Archive for the ‘ tech ’ Category

HBase vs Cassandra: why we moved (via Bits and Bytes | Dominic Williams)

Passing along an interesting post from Bits and Bytes; Dominic’s take is (in part) that the two take different approaches to Big Data: Cassandra is more amenable to online, interactive data operations while Hadoop is geared more towards data warehousing, offline index building and analytics.

My team is currently working on a brand new product – the forthcoming MMO This has given us the luxury of building against a NOSQL database, which means we can put the horrors of MySQL sharding and expensive scalability behind us. Recently a few people have been asking why we seem to have changed our preference from HBase to Cassandra.

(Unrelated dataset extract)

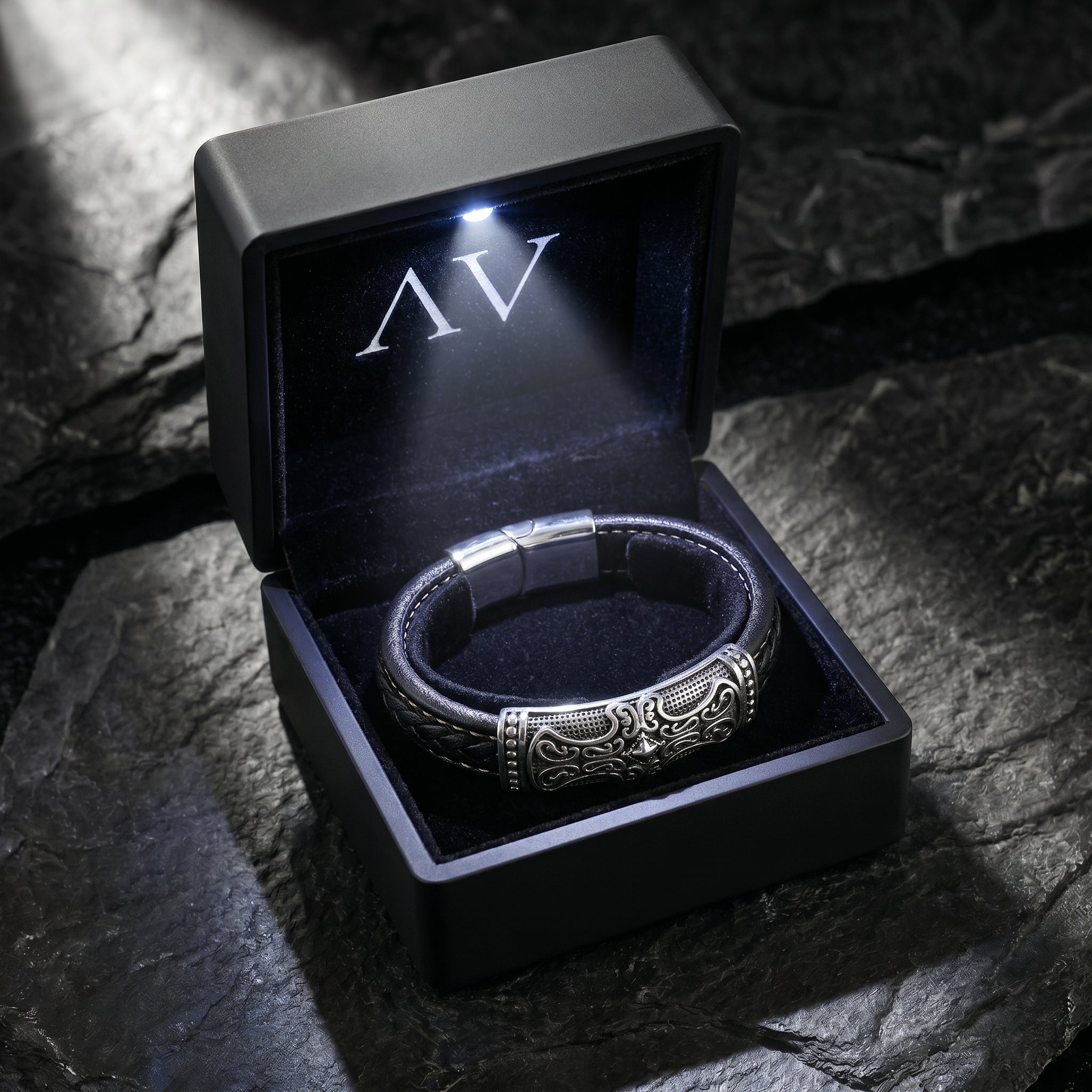 Runeforge braided leather bracelet inside a luxury black presentation box with a built-in LED light.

I can confirm the change is true and that we have in fact almost completed porting our c … Read More

via Bits and Bytes | Dominic Williams


What Would the Holy Grail of ORM Look Like?

Recent experiences and articles I’ve read have got me thinking about ORM again, and trying to conceive what the perfect one would look like (when it’s not custom matched to a specific set of patterns that I control).

The Microsoft Data Access Block was one of the first frameworks I used to make boilerplate data operations easier. Incidentally, it also led me down the evil path of exposing data access methods as static methods. I evaluated both the Entity Framework and LINQ to SQL for a large green-field project and neither were up to snuff at the time. I’ve recently migrated to Java development on Linux and gotten my fingers into Hibernate — enough to conclude that I hate it with a vengeance. Come to think of it, I’ve never seen an ORM framework that I’ve thought fully did the job, so I ended up going with the roll-your-own approach on that last project. That’s fine — maybe even superior — when you fully control the access/retrieval/update/delete patterns. But what criteria would make a new tool stand out for general adoption?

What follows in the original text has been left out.